An article on Stuff.co.nz this week was headlined “Bullion bullish but beware the bears”.
The excerpt below is taken from the beginning of the article (emphasis added is ours):
The price of gold, now near nominal highs at more than US$1180 an ounce, is expected to climb further, analysts say.
However, they warn New Zealand investors should be wary of exchange rate fluctuations.
Fund manager Liontamer, a specialist in capital protected funds, said the price could rise more than 15 per cent to over US$1400 an ounce by December 31, and continue rising well into 2011.
Investment manager Sean Butler said there was fundamental support for the gold price at current levels. “Central banks in China, India and Russia continue to buy gold, and investors are building up their gold exposures in the wake of global market uncertainty and the risk of higher inflation.
“In the meantime, the supply of gold is tightening. A combination of reduced supply and the large set-up costs associated with setting up new mines is helping to set a new floor under the price of the precious metal,” Butler said.
OM Financial senior dealer Kevin Morgan said the price “could be comfortably above US$2000 an ounce within 18 months”, but saw a possible dip to US$1050 in the next two months.
“I would view that as a buying opportunity,” Morgan said, but cautioned anyone investing in gold to remember that it is priced in US dollars and subject to currency fluctuations.
“A New Zealand investor who purchased gold in early 2009 at US$900 an ounce would actually be losing money despite gold being 25 per cent higher at US$1200 an ounce today.

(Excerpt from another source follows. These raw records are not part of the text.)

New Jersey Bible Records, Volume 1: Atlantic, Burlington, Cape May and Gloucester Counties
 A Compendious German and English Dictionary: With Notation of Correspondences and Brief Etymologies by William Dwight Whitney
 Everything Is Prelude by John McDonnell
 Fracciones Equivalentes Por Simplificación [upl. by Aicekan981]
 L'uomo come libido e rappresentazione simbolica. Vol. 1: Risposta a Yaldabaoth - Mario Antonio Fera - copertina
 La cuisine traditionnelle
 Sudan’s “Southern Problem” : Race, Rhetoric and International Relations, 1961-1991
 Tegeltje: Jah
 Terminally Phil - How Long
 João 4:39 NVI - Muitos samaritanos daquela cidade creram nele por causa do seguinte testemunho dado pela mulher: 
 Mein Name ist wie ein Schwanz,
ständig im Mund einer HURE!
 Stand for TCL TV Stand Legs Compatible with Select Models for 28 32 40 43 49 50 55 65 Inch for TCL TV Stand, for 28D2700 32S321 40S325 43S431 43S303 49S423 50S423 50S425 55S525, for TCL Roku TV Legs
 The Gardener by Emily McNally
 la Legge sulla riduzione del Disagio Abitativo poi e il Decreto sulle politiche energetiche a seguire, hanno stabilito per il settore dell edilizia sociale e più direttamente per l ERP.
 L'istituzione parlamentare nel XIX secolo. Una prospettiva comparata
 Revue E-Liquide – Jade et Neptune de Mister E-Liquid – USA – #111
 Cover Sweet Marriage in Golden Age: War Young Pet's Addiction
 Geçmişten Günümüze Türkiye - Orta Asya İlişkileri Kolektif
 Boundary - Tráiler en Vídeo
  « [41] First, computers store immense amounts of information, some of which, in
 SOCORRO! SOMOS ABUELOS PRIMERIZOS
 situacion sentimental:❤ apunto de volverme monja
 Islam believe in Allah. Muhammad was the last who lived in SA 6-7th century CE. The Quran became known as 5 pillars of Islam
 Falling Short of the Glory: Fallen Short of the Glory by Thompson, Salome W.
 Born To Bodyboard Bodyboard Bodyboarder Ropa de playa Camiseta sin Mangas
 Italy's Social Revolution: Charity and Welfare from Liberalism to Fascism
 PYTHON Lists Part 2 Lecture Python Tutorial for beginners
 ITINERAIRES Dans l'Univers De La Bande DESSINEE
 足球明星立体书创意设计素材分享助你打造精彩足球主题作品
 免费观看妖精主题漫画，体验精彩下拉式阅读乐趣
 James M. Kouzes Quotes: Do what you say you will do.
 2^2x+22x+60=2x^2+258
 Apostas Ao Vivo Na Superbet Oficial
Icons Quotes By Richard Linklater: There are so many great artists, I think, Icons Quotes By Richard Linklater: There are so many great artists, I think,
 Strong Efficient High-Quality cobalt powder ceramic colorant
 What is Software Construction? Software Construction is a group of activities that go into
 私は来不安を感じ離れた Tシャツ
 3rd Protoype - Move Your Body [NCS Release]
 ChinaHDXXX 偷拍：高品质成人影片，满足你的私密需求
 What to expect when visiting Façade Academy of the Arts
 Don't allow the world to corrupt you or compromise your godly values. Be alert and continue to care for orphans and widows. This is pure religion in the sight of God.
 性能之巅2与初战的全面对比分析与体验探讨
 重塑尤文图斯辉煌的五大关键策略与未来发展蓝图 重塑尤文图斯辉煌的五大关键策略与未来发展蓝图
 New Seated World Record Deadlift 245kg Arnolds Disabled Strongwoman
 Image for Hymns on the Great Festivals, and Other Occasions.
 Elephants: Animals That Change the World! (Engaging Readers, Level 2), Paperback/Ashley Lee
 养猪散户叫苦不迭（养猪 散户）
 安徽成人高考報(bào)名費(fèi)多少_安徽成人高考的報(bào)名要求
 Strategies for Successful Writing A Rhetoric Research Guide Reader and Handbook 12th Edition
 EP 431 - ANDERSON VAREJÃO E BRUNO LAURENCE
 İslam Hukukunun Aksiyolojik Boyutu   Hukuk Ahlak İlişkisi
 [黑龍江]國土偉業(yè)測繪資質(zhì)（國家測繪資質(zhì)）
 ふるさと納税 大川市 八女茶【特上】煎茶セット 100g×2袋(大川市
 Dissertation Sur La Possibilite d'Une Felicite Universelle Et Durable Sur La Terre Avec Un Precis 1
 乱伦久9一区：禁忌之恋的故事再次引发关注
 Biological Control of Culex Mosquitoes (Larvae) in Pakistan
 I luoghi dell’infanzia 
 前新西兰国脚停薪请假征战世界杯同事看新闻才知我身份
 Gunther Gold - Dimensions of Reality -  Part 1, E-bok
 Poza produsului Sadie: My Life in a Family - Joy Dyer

“The reason for this is that back in early 2009 the NZD [New Zealand dollar] was trading at about 0.5 to the USD [United States dollar] and today we are trading closer to 0.72,” he said.
No Counter Party Risk:
Talk about over complicating things! Firstly, Liontamer’s new fund – as also discussed in this Otago Daily Times article – uses derivatives to track the gold price. It doesn’t actually hold bullion. While it does offer capital protection – i.e. you will get back at least 100% of your money at the end of the 6 year investment period – this is also achieved using derivitivisation.
The reason we choose physical gold is because it has no counterparty risk. This simply means we are not relying upon another party to remain solvent to get our funds back one day. If we buy physical gold and take possession it is ours and ours alone. Our only risk is keeping it safe from prying eyes and thieving hands.
The Price of Gold in Any Currency is Volatile!
Secondly is the point that as per the Otago Daily Times article “the Liontamer index follows the movements in the international gold price and is not affected by currency [movements] between the New Zealand and US dollars.”
The stuff.co.nz article also mentions how Kiwi investors should be careful as gold “is priced in US dollars and subject to currency fluctuations”.
The thing is you don’t need to invest in a fund tracking the international/US dollar gold price using derivatives to handle currency fluctuations! All you have to do is track the NZ dollar gold price yourself (simply the USD gold price converted to NZ dollars by the current USD/NZD exchange rate) and ignore what the media says about the US dollar gold price! We live in New Zealand not the USA! (As a bonus, you’ll also avoid paying fund managers fees!).
Best Time to Buy Gold
If you believe gold remains in a bull market (or rather that paper currencies are still in a bear market), then the time to buy is when the NZD price of gold has fallen not when it is soaring. This can be an emotionally difficult thing to do but this gets you the most bang for your buck – or rather the most ounces for your dollars. You don’t actually need complex financial instruments and hedging with futures contracts to achieve this. Just buy when the price has fallen as this is likely to be when the NZ dollar is strong.
>> Learn More About Technical Analysis: Gold and Silver Technical Analysis: The Ultimate Beginners Guide
NZD Gold 3 Year Chart – Buy the price dips
Do this on a regular basis and the average buy price will be at a good low level and allow for maximum upside and you should hopefully avoid the heavy feeling of watching the price drop sharply just after you’ve bought.
In the above 3 year chart you can see that the NZ dollar price of gold has just dipped down to the 200 day moving average (the red line). Over the past 3 years this has generally been a good time to buy, with June last year being the only time the price fell substantially further below the moving average.
Our website has gold price graphs from 1 day all the way to 40 years – all in NZ Dollars. (See Gold Survival Guide Gold and Silver Price Charts.) The 1 year, 2 year and 5 year charts are particularly useful in seeing where the current price is compared to the past and can help identify when the price dips.
Anyway, that’s just our opinion and as always we offer it freely – but with no guarantees!